## PROVIDED ENTRIES
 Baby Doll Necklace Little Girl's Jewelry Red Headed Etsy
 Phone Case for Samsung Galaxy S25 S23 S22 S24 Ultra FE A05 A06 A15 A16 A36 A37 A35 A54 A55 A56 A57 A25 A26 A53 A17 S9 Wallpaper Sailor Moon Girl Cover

--

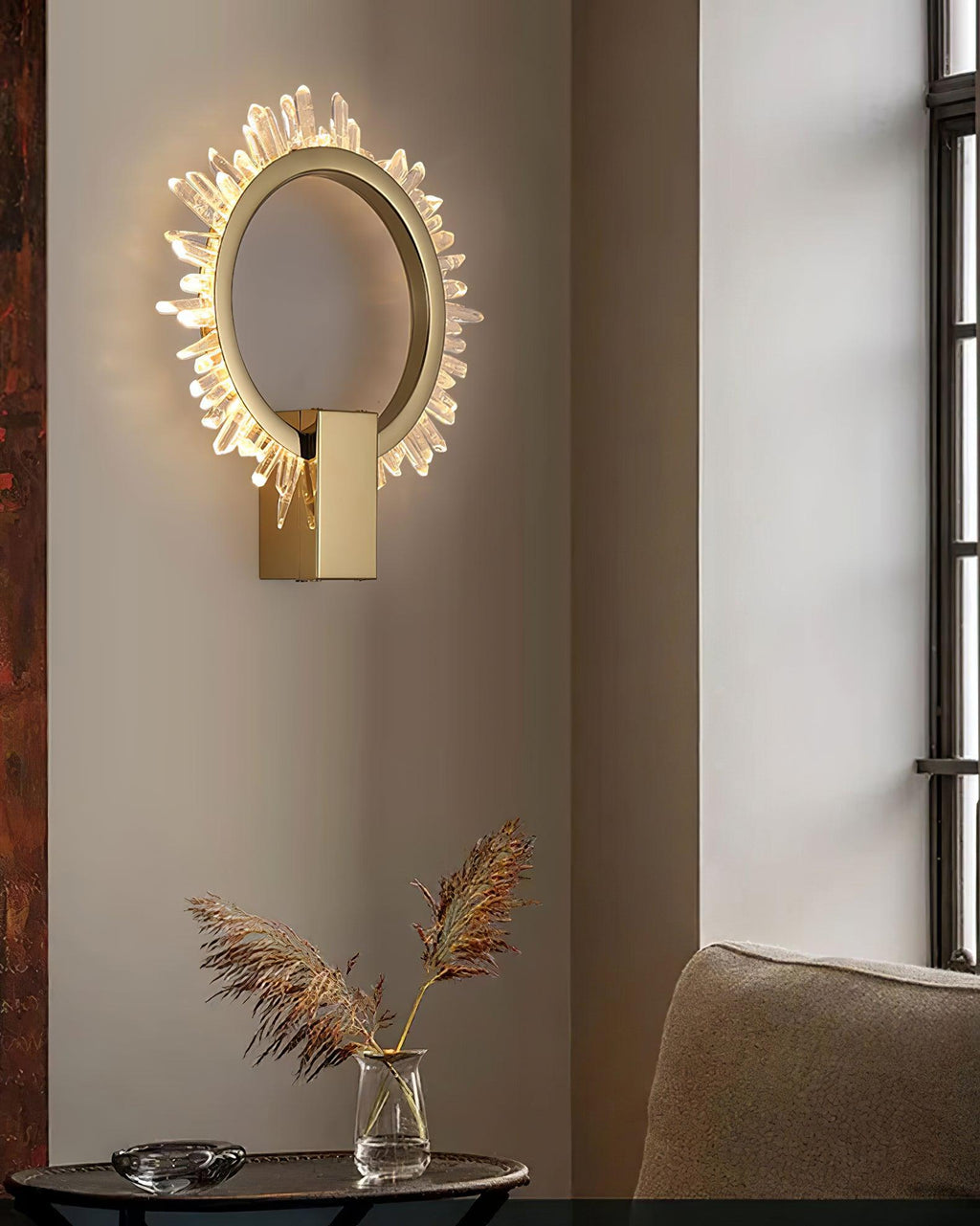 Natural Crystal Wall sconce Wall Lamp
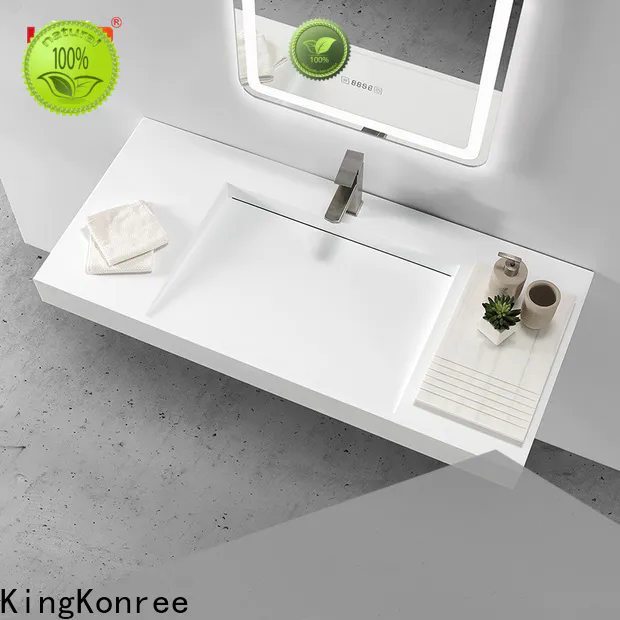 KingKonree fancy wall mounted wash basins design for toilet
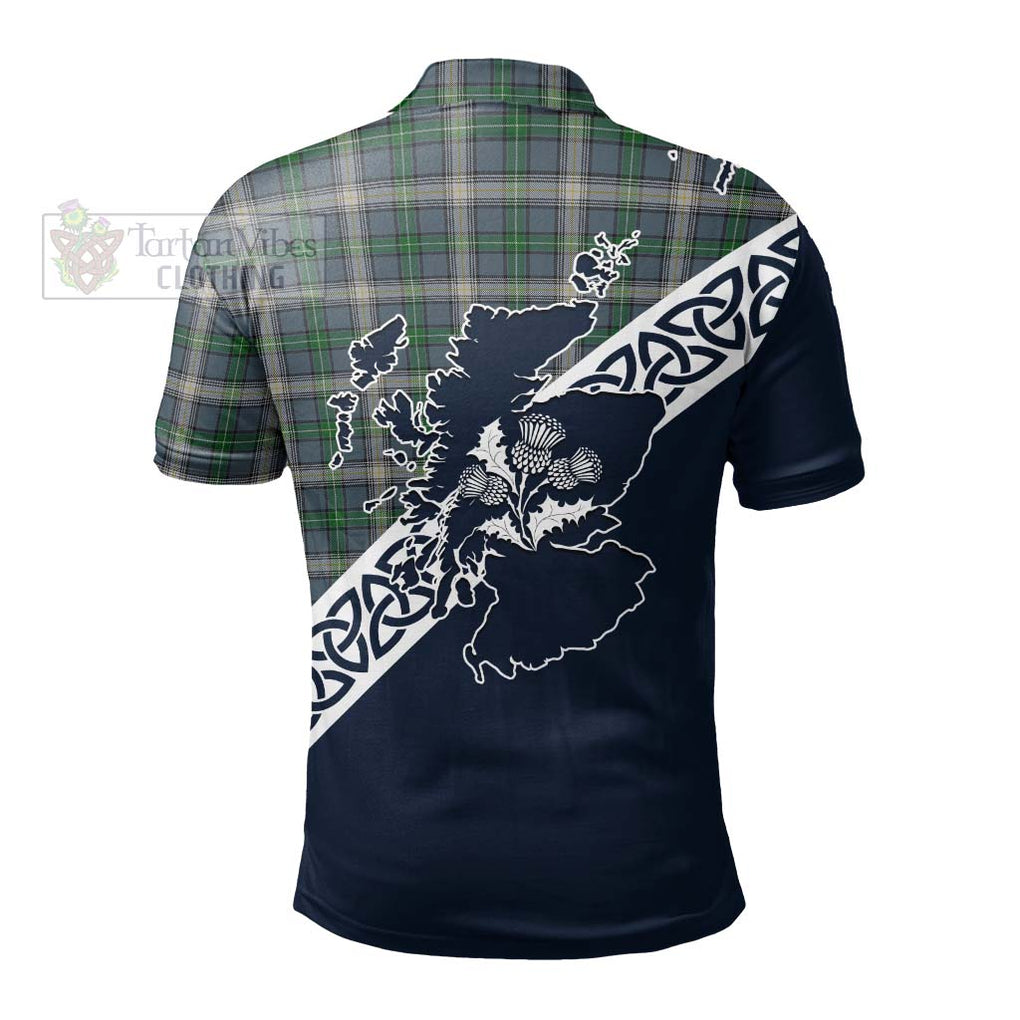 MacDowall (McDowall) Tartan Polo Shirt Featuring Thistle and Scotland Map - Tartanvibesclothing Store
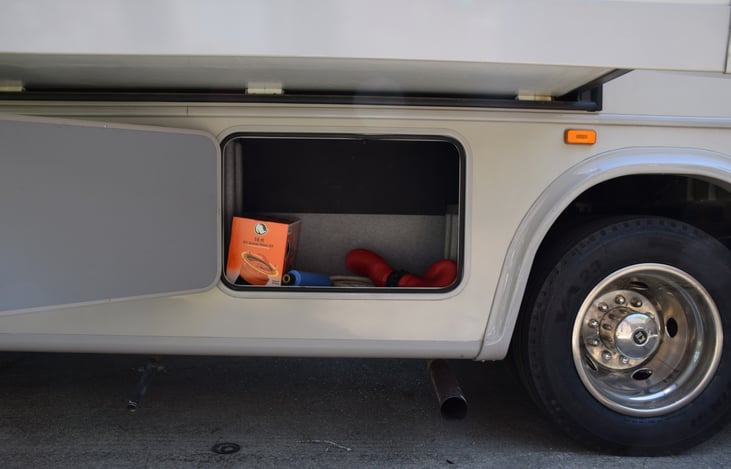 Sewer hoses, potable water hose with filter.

==

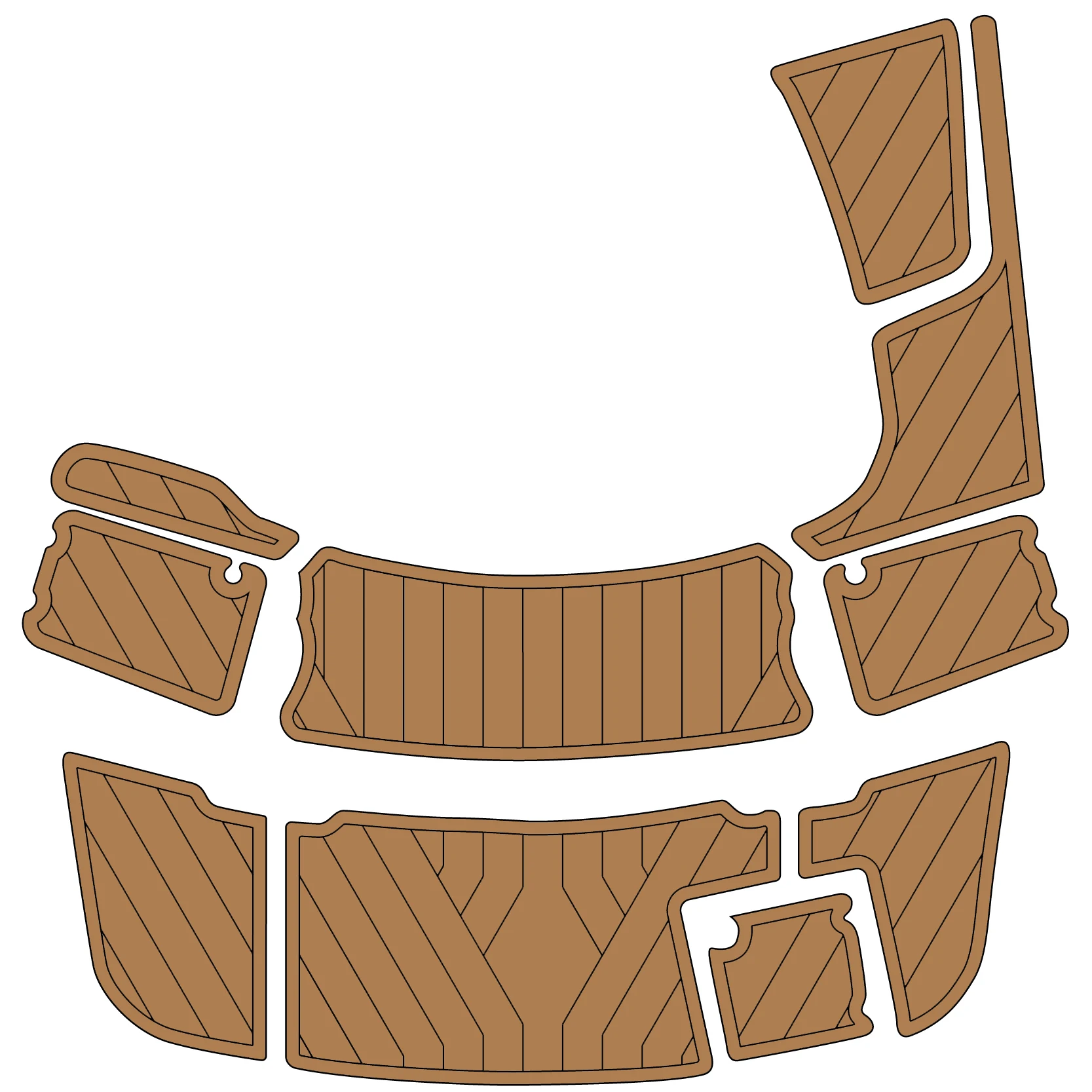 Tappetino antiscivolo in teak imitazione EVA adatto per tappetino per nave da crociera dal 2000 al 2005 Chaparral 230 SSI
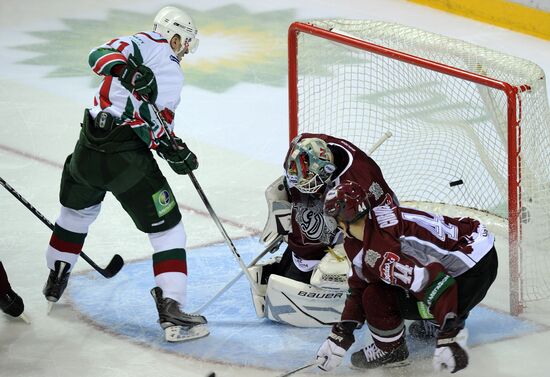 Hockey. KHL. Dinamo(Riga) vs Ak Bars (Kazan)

## PROBLEM
Scan the entries above for the word "Girl", then copy every line in which it occurs.

## RESULT OF THE EXERCISE
 Baby Doll Necklace Little Girl's Jewelry Red Headed Etsy
 Phone Case for Samsung Galaxy S25 S23 S22 S24 Ultra FE A05 A06 A15 A16 A36 A37 A35 A54 A55 A56 A57 A25 A26 A53 A17 S9 Wallpaper Sailor Moon Girl Cover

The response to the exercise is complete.